Storage Modes of MS Data Objects

Introduction

Data objects in R can be serialized to disk in R’s Rds format using the base R save() function and re-imported using the load() function. This R-specific binary data format can however not be used or read by other programming languages preventing thus the exchange of R data objects between software or programming languages. The MsStash package defines basic classes and generic methods to export and import mass spectrometry data objects in various storage formats aiming to facilitate data exchange between software. This includes, among other formats, also storage of data objects using Bioconductor’s alabaster.base package.

For export or import of MS data objects, the saveMsObject() and readMsObject() functions can be used. For saveMsObject(), the first parameter is the MS data object that should be stored, for readMsObject() it defines type of MS object that should be restored (returned). The second parameter param defines and configures the storage format of the MS data. The currently supported formats and the respective parameter objects are:

  • PlainTextParam: storage of data in (a custom) plain text file format.
  • AlabasterParam: storage of MS data using Bioconductor’s alabaster.base framework based files in HDF5 and JSON format.

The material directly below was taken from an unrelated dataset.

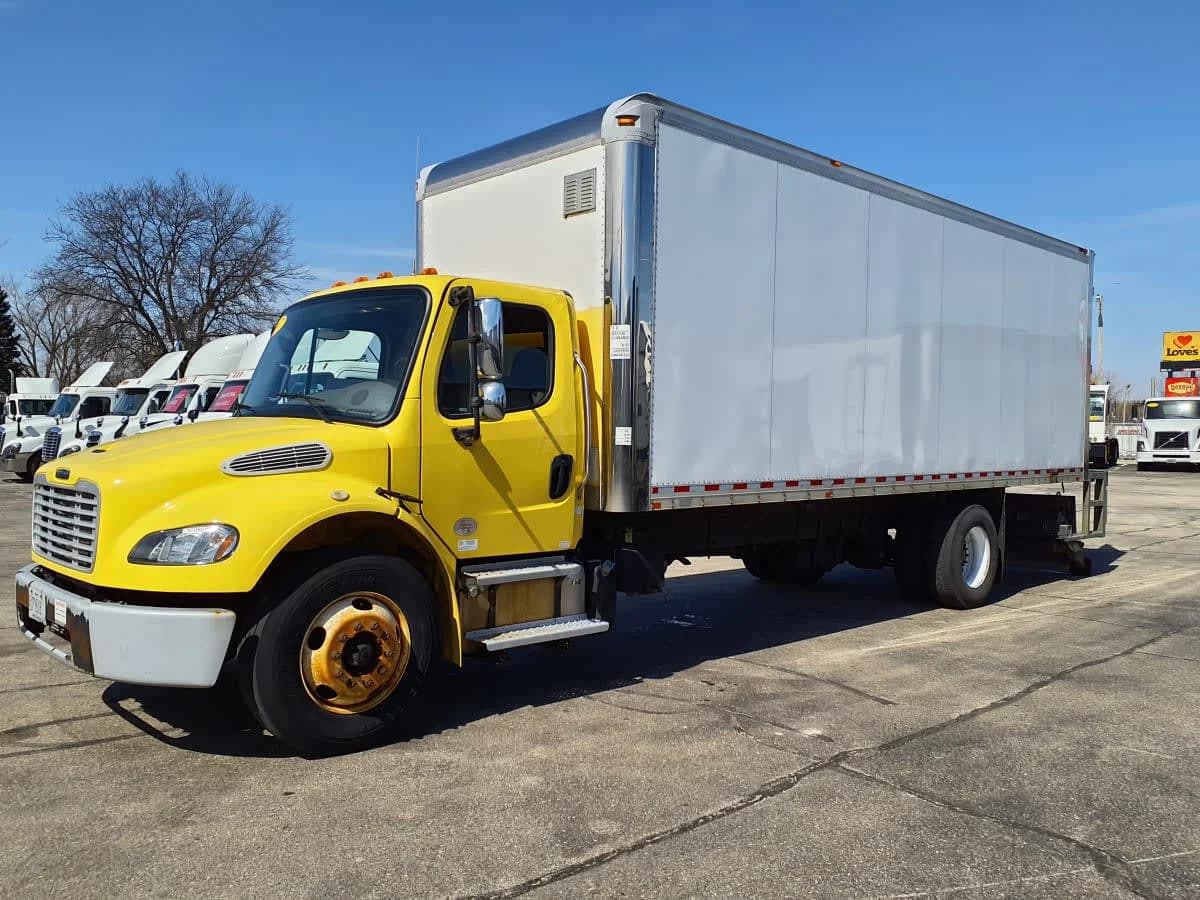 2017 Freightliner M2 106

These storage formats are described in more details in the following sections.

An example use of these functions and parameters: saveMsObject(x, param = PlainTextParam(storage_path)) to store an MS data object assigned to a variable x to a directory storage_path using the plain text file format. To restore the data (assuming x was an instance of a MsExperiment class): readMsObject(MsExperiment(), param = PlainTextParam(storage_path)).

Installation

The package can be installed with the BiocManager package. To install BiocManager use install.packages("BiocManager") and, after that, BiocManager::install("RforMassSpectrometry/MsStash") to install this package.

Example implementations

To illustrate how the save/read functionality can be implemented for a specific data class, we first define a simple toy R S4 object to represent the data from a single mass spectrum. This MySpectrum class contains slots to hold the spectrum’s m/z and intensity values as well as some (limited) metadata.

#' Class definition
setClass("MySpectrum",
         slots = c(mz = "numeric",
                   intensity = "numeric",
                   rtime = "numeric",
                   msl = "integer"),
         prototype = prototype(
             mz = numeric(),
             intensity = numeric(),
             rtime = numeric(),
             msl = integer()))

#' Default constructor function
MySpectrum <- function(mz = numeric(), intensity = numeric(),
                       rtime = numeric(), msl = integer()) {
    stopifnot(length(mz) == length(intensity))
    if (length(mz) && !length(rtime)) rtime <- NA_real_
    if (length(mz) && !length(msl)) msl <- NA_integer_
    new("MySpectrum", mz = mz, intensity = intensity, rtime = rtime,
        msl = as.integer(msl))
}

We can now create an example MySpectrum object.

s <- MySpectrum(c(1.4, 1.6, 1.9, 2.56), c(123.1, 1235.3, 12.45, 51.5))
s
## An object of class "MySpectrum"
## Slot "mz":
## [1] 1.40 1.60 1.90 2.56
## 
## Slot "intensity":
## [1]  123.10 1235.30   12.45   51.50
## 
## Slot "rtime":
## [1] NA
## 
## Slot "msl":
## [1] NA

Suggested properties of implemented methods

To ensure consistency, the saveMsObject() should:

  • first create the directory to which the data should be exported (defined by param path).
  • throw an error if the directory exists or contains already an exported object (avoiding thus accidental overwriting and eventual data corruption/inconsistencies).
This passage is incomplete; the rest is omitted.